Is Elon Musk’s Starship Doomed?

The future of SpaceX keeps blowing up, and no one knows if he can fix it.

This article originally appeared in New York magazine on July 21, 2025.

On a bright spring morning in 2023, SpaceX’s first fully assembled Starship launch vehicle stood at its launchpad in Boca Chica, Texas, ready for its debut. Gleaming in the sun, the most powerful rocket ever built stretched as high as an office tower. It was beautiful not just for the boldness and elegance of its design, but for what it represented: the next chapter in humanity’s voyage into space. Able to boost more than 100 tons into orbit, it meant that huge swarms of satellites would soon bring cheap data to the whole planet.
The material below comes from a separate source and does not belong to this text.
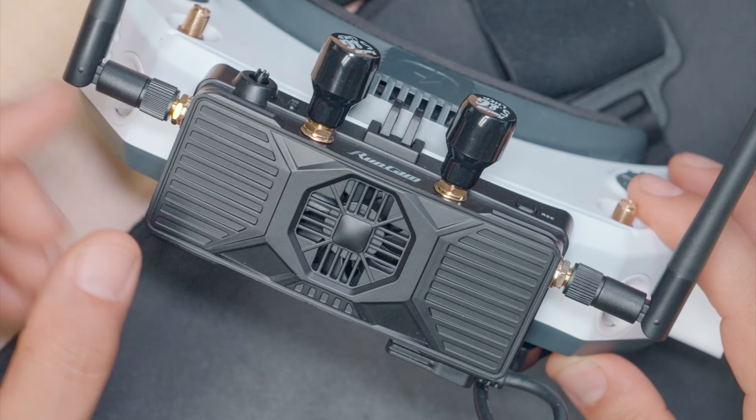If you've got this RunCam Wi-Fi Link OpenIPC video receiver, you're going to want to update the firmware on it — no ifs, ands, or buts. RunCam shipped it with the latest firmware available at the time they manufactured the hardware, but OpenIPC is a fast-moving open-source project that is constantly improving, and that means the firmware you got from RunCam is not going to give you the best performance. According to the developers and the community, the latest firmware is significantly better.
With greater engine thrust than the Apollo program’s Saturn V and reusable, it would carry astronauts back to the moon and then on to Mars.

A crowd of space enthusiasts had gathered to experience the moment, chanting along with the countdown clock, then cheering as the mighty engines let loose a wall of flame.

Then, four minutes after takeoff, the unmanned rocket blew up. The eruption of white smoke was met not with stunned silence, but whoops and cheers like you might hear at a fireworks finale. “This was a development test; this was the first test flight of Starship,” explained one of the live-broadcast presenters. “And the goal was to gather the data, as we said, clear the pad, and get ready to go again.” Mission accomplished.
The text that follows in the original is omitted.